Die zweifache Olympiasiegerin im Biathlon war auf einer Bergtour in Pakistan unterwegs, als sie am Montag von einem Steinschlag erfasst wurde, schwer verunglückte. Mittlerweile herrscht traurige Gewissheit: Dahlmeier ist tot.
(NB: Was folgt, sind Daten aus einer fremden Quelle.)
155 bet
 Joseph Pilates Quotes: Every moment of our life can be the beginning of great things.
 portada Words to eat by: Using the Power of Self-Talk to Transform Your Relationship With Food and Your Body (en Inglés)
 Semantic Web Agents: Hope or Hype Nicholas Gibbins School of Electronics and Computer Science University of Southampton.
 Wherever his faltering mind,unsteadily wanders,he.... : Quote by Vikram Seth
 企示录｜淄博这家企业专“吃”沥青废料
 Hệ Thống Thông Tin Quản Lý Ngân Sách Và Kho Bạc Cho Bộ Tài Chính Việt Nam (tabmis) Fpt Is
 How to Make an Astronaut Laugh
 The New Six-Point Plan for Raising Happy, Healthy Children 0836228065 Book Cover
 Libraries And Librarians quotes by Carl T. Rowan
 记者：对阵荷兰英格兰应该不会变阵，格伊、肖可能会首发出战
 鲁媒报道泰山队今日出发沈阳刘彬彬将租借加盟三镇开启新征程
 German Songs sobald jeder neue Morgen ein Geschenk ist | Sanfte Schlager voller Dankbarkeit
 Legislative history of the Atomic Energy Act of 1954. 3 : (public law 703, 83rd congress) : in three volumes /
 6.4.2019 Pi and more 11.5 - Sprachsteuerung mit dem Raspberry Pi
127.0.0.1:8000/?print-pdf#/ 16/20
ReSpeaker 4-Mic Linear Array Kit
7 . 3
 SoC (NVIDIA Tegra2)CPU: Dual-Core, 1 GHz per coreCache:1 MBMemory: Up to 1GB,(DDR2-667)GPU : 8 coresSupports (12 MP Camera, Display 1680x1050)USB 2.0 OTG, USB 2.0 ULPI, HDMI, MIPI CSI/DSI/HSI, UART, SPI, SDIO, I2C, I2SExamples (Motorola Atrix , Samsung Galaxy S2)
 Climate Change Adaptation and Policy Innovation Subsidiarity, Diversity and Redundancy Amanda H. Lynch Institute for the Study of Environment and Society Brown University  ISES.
Die Deutsche wurde 31 Jahre alt.
"Die Bergung von Lauras Leichnam wird möglich sein, aber sie ist sowohl zu Fuß als auch mit einem Helikopter mit unglaublichen Risiken verbunden", erzählte Bergsteiger Jackson Marvell gegenüber "AFP". Der US-Amerikaner war neben dem bekannten deutschen Bergsteiger Thomas Huber, sowie Alan Rousseau aus Frankreich und Tad McRea aus den USA am ersten Bergungsversuch von Dahlmeiers Leichnam beteiligt gewesen.
Marvell, ein Kenner des Laila Peak, erklärte, der Berg habe sich in den letzten zwei Tagen "erheblich verändert", es würde "erhebliche Steinschläge" geben. "Und selbst mit einer langen Leine an einem Helikopter gibt es immer noch viele Steinbrocken, die die Wand hinunterfallen", erzählte Marvell weiter.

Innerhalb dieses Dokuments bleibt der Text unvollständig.